When it comes to automated tests, I am a little bit proud that I added the very first (NUnit) test projects to the code-base. The company at that time was very small, and although I published information on how to run them, uptake was limited. I have to admit they were a bit slow – being what I would now term ‘Integration tests’ (which is to say that they tested the behaviour of the system at the database level, requiring all normal database reads and writes to occur for a test to be undertaken). Still, I had started a process that I was able to follow – before I committed I would run the tests and see if system behaviour had been changed negatively. After quite a period of time, the company gained momentum on unit-testing, and lots more were written by many people.

A few people even got into the habit of running the tests! But even this early change in uptake intermittently showed one thing; and that was the integration tests did not handle multiple-concurrent-runs very well (e.g. each test might set up its own test data in the database, but this would cause problems if two similar tests were setting up that same data at the same time). This was especially exacerbated when the automated build tools were brought-in, because now the automated build might conflict with itself in certain circumstances! Developers were heard muttering how unreliable the tests were.

A push was made to add more ‘unit’ tests, which is to say tests that tested very small parts of code, and ran quick, and this caused Rhino Mocks and Ninjection code to proliferate. A rash of errors started occurring in live because code that was not supported by unit tests was being changed to help support them, but in the process some mistakes were inevitably made and made it through to live. One issue was that developers were proving to be poor about explaining to testers what they had changed exactly, so changes had simply not been tested.

I believe there were also some fundamental misunderstandings about the purposes of testing any particular piece of functionality. I saw tests for code where almost every line was treated like it was critical… and tests like this tended to be fragile to incredibly minor changes. My view is more that in any block of code there are often critical intent of the code (let’s say to add a new loan record), and there may be side-effects with medium importance (perhaps add a record to describe in English to a user what had been done) and then there is the stuff of relatively minor importance (like the exact wording of the message in English). Remove a duplicated space in such a message, and you have a test failure.
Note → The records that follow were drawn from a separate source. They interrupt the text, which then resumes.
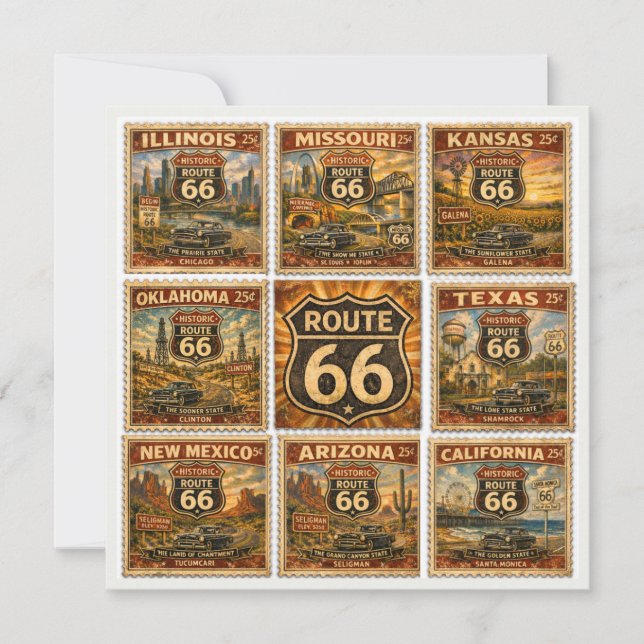 Vintage Route 66 State Stamp Schreibwaren (Vorderseite)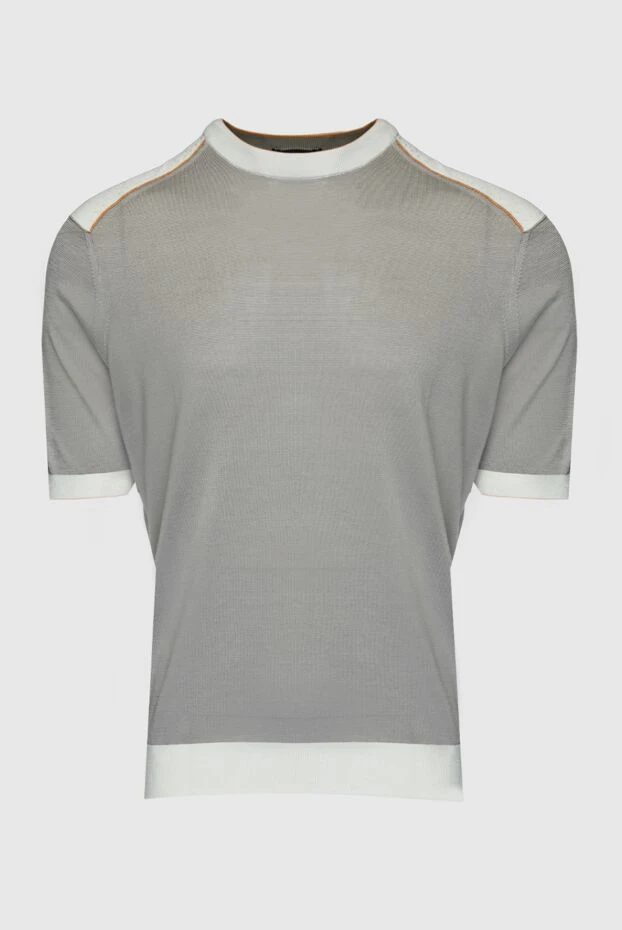 Джемпер с коротким рукавом из шелка серый мужской - фото 1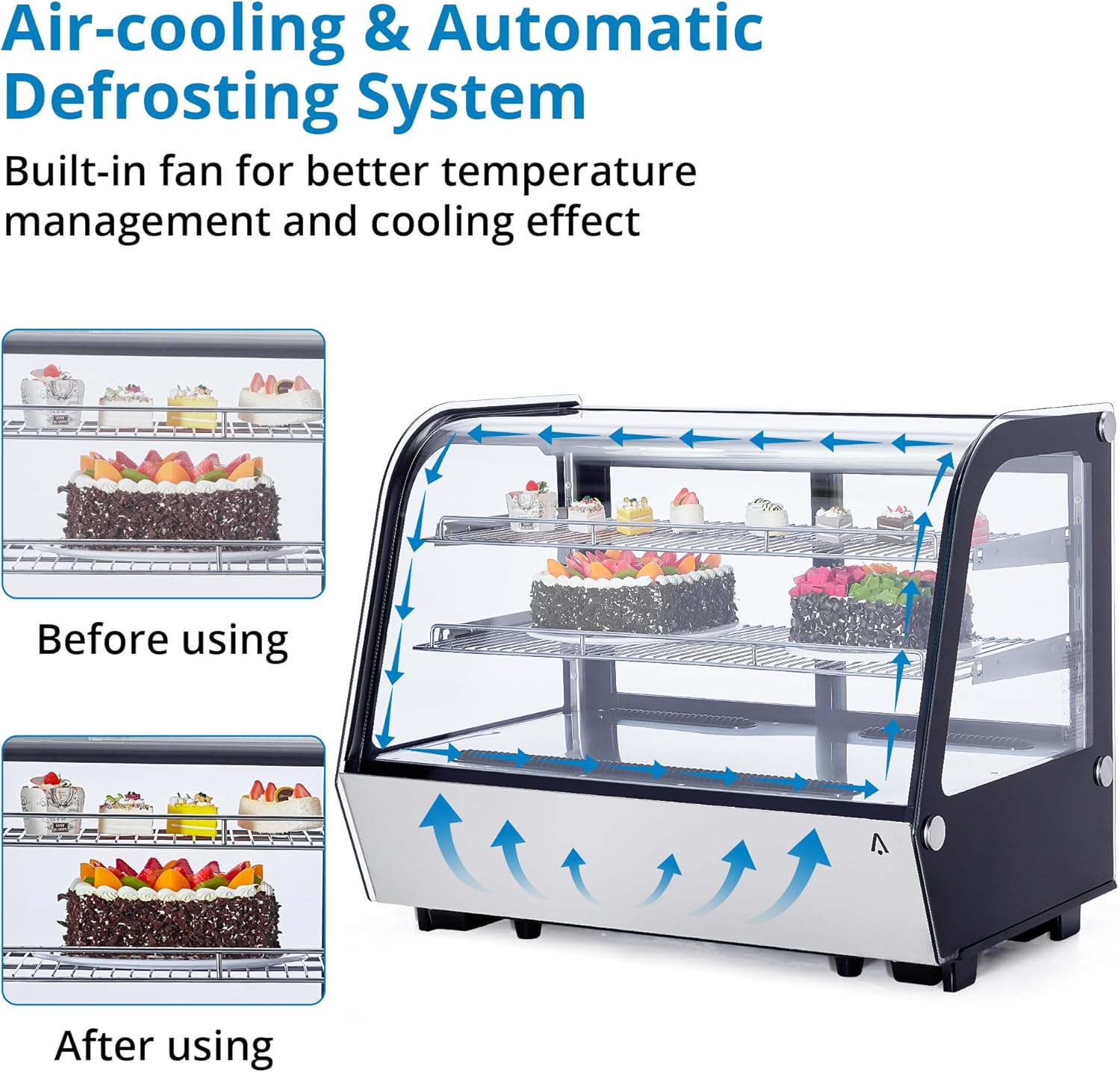 Display Refrigerator, 4.2 cu. ft. 160 Liter Commercial Cake Display Refrigerator with LED Lights, Air Cooling and Auto Defrost, Countertop Refrigerator for Bakeries, Cafes and Restaurants, Black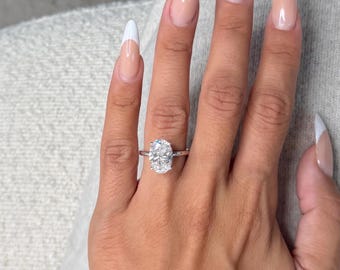 4 Carat Oval Cut Lab Grown Solitaire Diamond Ring | 14k White Gold | IGI Certified D Color VVS2 Clarity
One problem is that even with well-intentioned team members working to fix some issues, it seems to be difficult to assess in hindsight which parts of the code are critical or not. I certainly had conversations with developers who suggested that particular tests had broken because they were flawed and unreliable tests, whereas my opinion was that the code had been changed or broken somehow! If such confusion is possible, then the efficacy of the tests will always be weakened as time passes. But why does it occur? Additionally, I saw some tests were set to Ignore and I am pretty certain that this was occasionally done without reference to the original test author. To me, that is dangerous; surely an ‘Ignored’ test is as good as a test failure? Something that someone once considered worth testing, but someone else has since overrulted that? So now I assert that developers may be bad at assessing historic code for importance when retrofitting tests to it, and they may also be bad at assessing the importance of tests when assessing them if the test failed (or is simply being reviewed).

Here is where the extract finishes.